In today's competitive global economy, technological innovation is essential to long-term U.S. economic security, and the energy sector should be a particular priority. Failure to extend key U.S. clean energy initiatives would be contrary to U.S. interests.
Expansion in the clean energy industry will fuel economic progress and strengthen our national security. American scientific leadership has spurred innovative new energy generation and storage technologies -- from solar and wind power to fuel cells and electric vehicles. These sources can be domestically produced and deployed over time. And these are the energy options that the world's fastest-growing economies are using to support development without harming the environment.
Research by The Pew Charitable Trusts shows that the clean energy sector is growing rapidly -- by more than 600 percent in the past seven years. According to Bloomberg New Energy Finance, investments in this sector eclipsed those for conventional energy last year for the first time. Additional Pew research shows that investment in the sector could total some $2.3 trillion this decade.

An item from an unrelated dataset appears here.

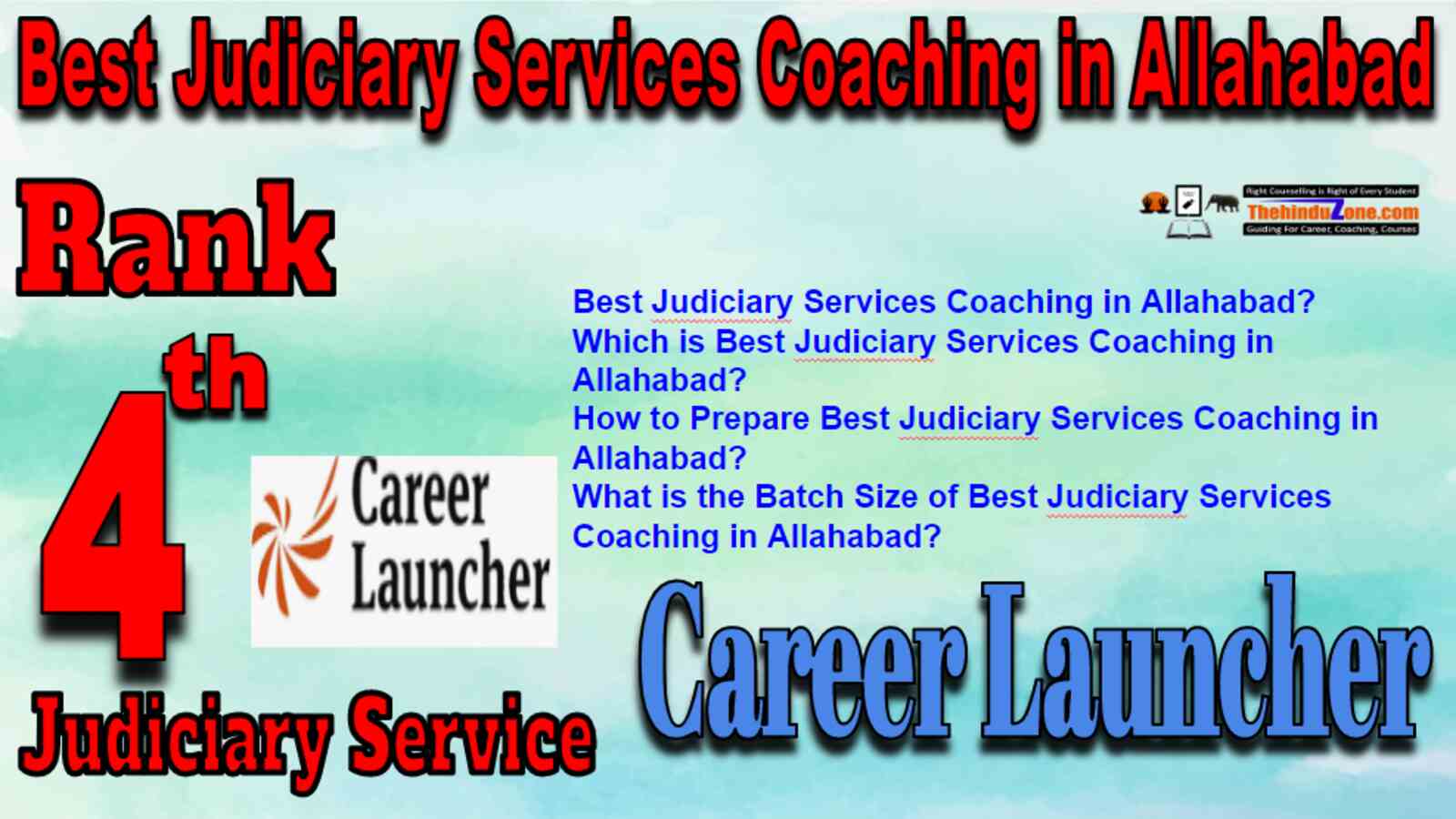Rank 4 Best Judiciary Services Coaching in Allahabad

As the leading inventor of modern energy infrastructure, the United States should be a prime beneficiary of emerging global interest in clean energy. But we are not capitalizing on our scientific advantage. Instead, we are abdicating manufacturing and deployment opportunities to other nations. Pew's "Who's Winning the Clean Energy Race?"2010 edition found that China and Germany have taken the lead in the sector and that the United States is falling behind on a variety of measures.

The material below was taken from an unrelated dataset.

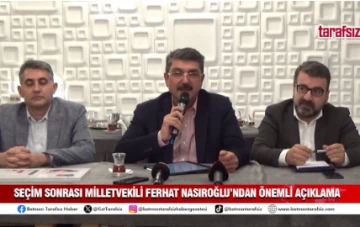 AK Parti Batman Milletvekili Nasıroğlu'ndan Seçim Sonrası Çağrı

The U.S. competitive position in clean energy is at risk because our policy environment is uncertain and capital is sitting on the sidelines. Simply put: Policy matters. Whereas China and Germany have long-term, national, clean energy policies to attract investment and spur job creation, the United States has provided limited incentives of short duration and no long-term reliability. This leaves business unable to adequately plan projects and investors searching for greener pastures.
Our research demonstrates that where national policy is strong, investment follows. Private finance and investment seek out and thrive in environments that offer market transparency, longevity, and consistency, and dry up in places that don't. The United States lacks such a policy.
Unlike a number of conventional energy supports, some of which have been in place for more than 50 years, clean energy tax measures are more modest, and they are not permanent. The energy playing field is not level, and it is not sensible to continue to subsidize technologies of the past while inhibiting our competitive position with respect to the fastest-growing global technologies and markets.
This month, Congress has the opportunity to send a signal about U.S. determination to compete and win in the global clean energy sector. Our legislators should extend three essential tax credits. One supports production in the wind industry, and the other encourages investment in industrial energy efficiency. Further, the Treasury Department's grant program for solar, known at 1603, should also be continued. These modest clean energy incentives should be extended to get capital off the sidelines, help U.S. industry compete globally, and contribute to a more prosperous, clean, and secure nation.